## RECORD EXCERPTS
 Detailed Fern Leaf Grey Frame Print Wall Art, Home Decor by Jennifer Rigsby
...
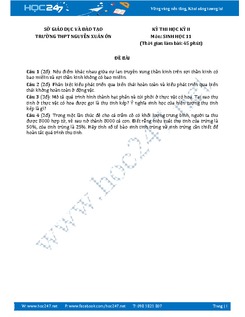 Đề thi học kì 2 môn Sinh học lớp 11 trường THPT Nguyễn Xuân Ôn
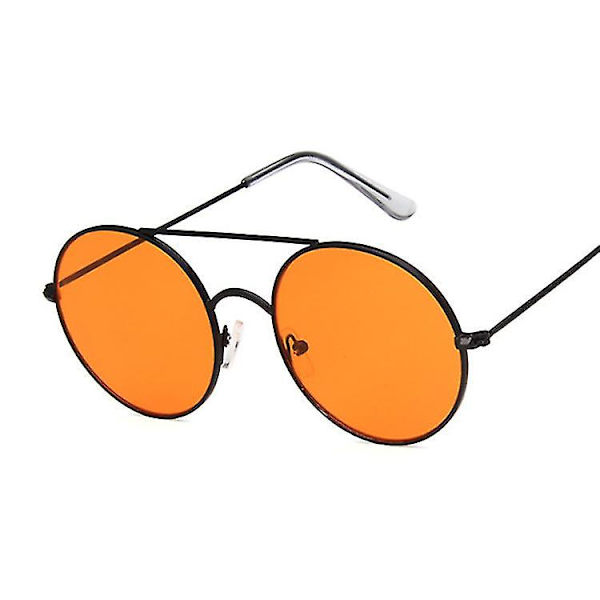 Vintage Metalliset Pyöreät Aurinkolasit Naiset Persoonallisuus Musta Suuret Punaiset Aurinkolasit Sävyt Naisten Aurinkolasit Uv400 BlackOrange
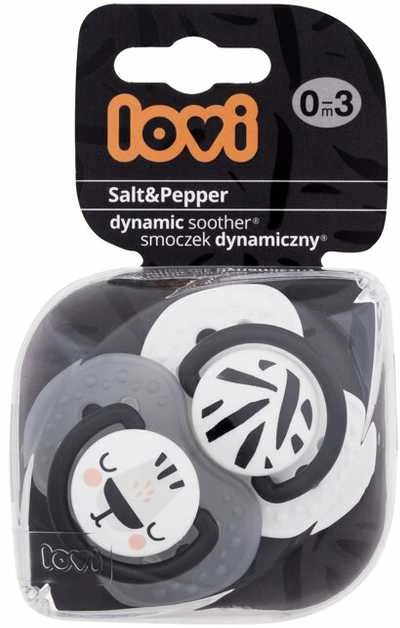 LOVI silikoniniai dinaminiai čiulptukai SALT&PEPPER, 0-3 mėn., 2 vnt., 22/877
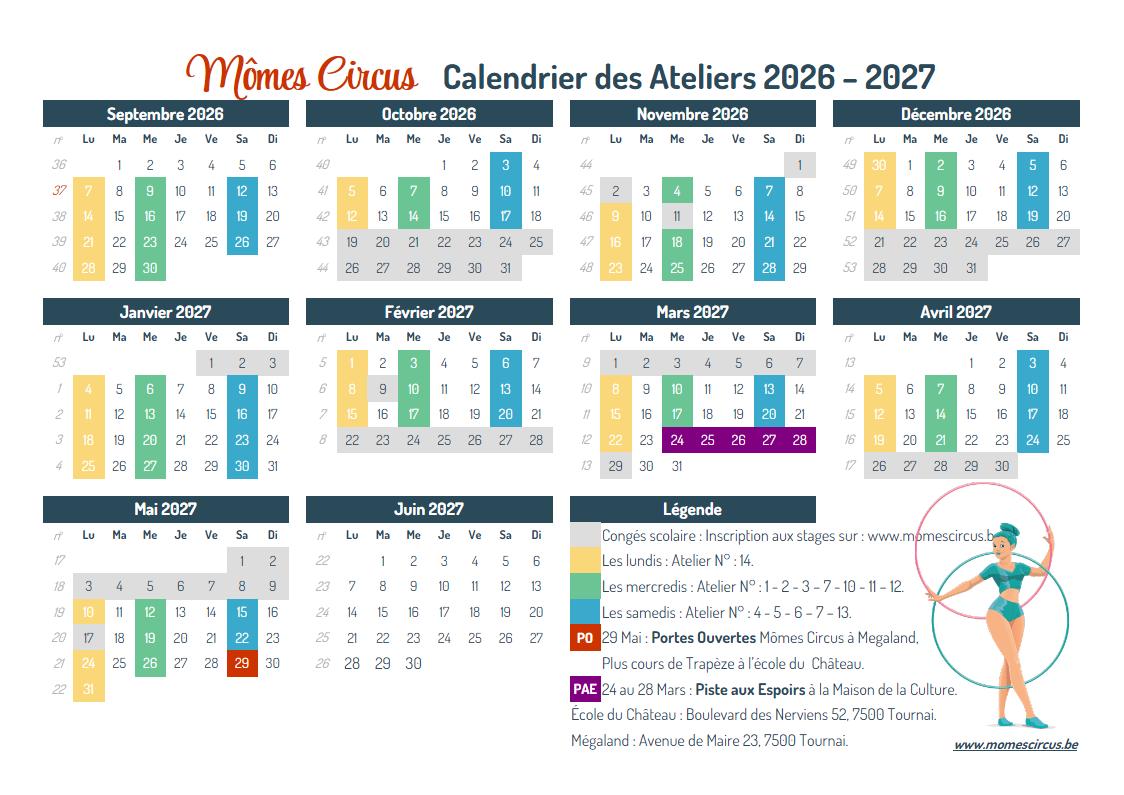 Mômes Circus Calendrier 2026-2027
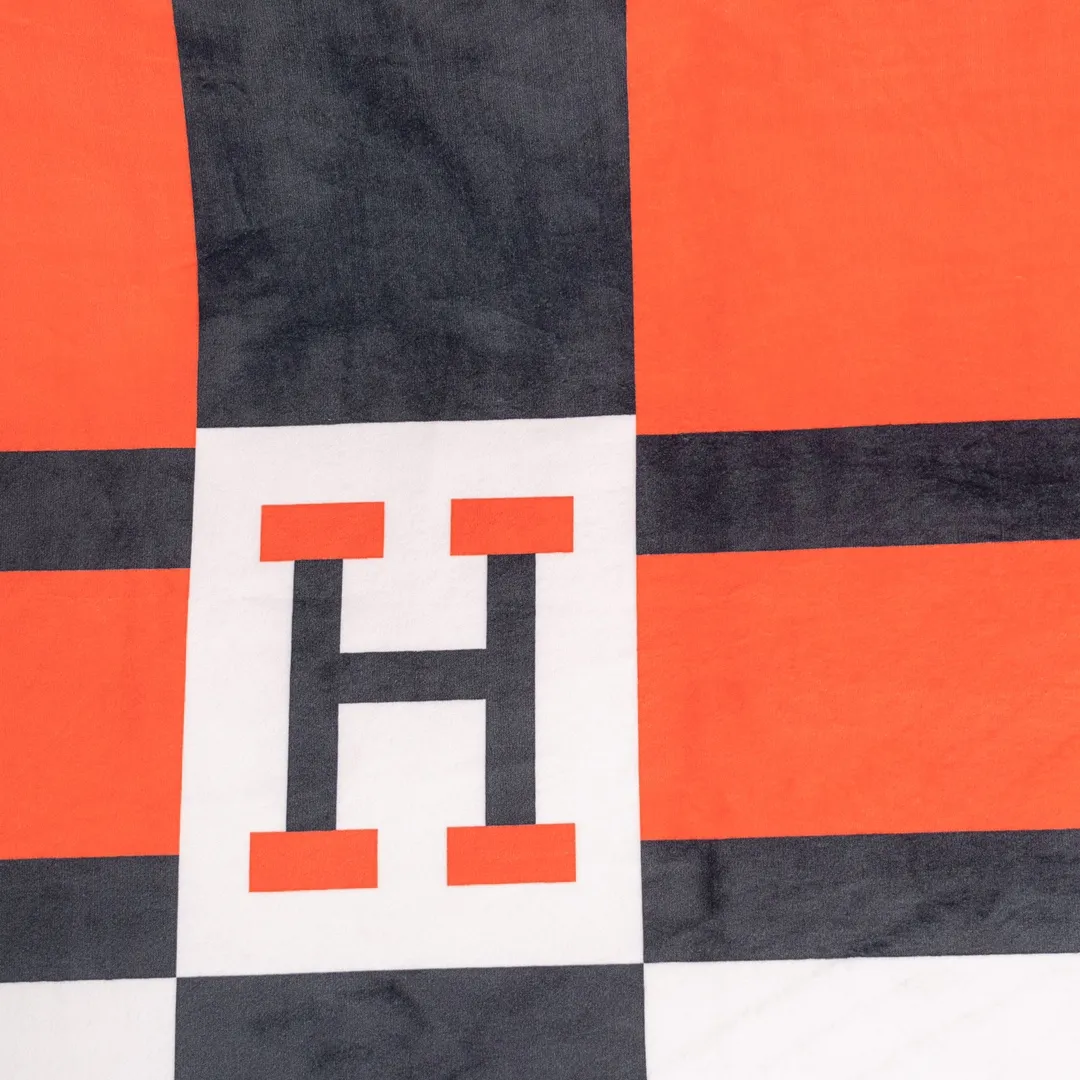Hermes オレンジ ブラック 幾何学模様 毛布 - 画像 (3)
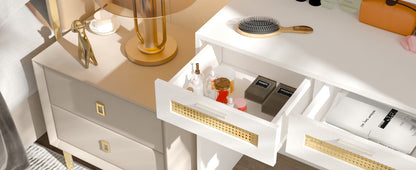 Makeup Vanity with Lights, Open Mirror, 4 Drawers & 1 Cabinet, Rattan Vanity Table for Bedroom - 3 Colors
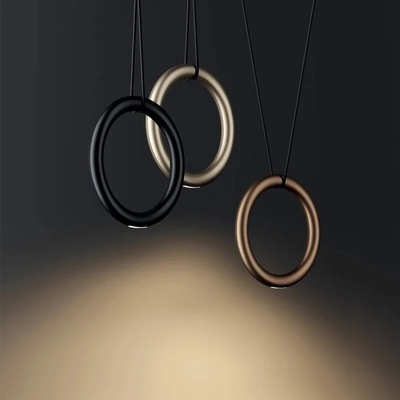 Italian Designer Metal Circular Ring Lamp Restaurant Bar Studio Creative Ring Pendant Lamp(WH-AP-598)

## YOUR TASK
Pictures excluded, give again exactly and only the lines of the material above from the line with "Mômes Circus Calendrier 2026-2027" through the line with "Italian Designer Metal".

## YOUR SOLUTION
 Mômes Circus Calendrier 2026-2027
Hermes オレンジ ブラック 幾何学模様 毛布 - 画像 (3)
 Makeup Vanity with Lights, Open Mirror, 4 Drawers & 1 Cabinet, Rattan Vanity Table for Bedroom - 3 Colors
 Italian Designer Metal Circular Ring Lamp Restaurant Bar Studio Creative Ring Pendant Lamp(WH-AP-598)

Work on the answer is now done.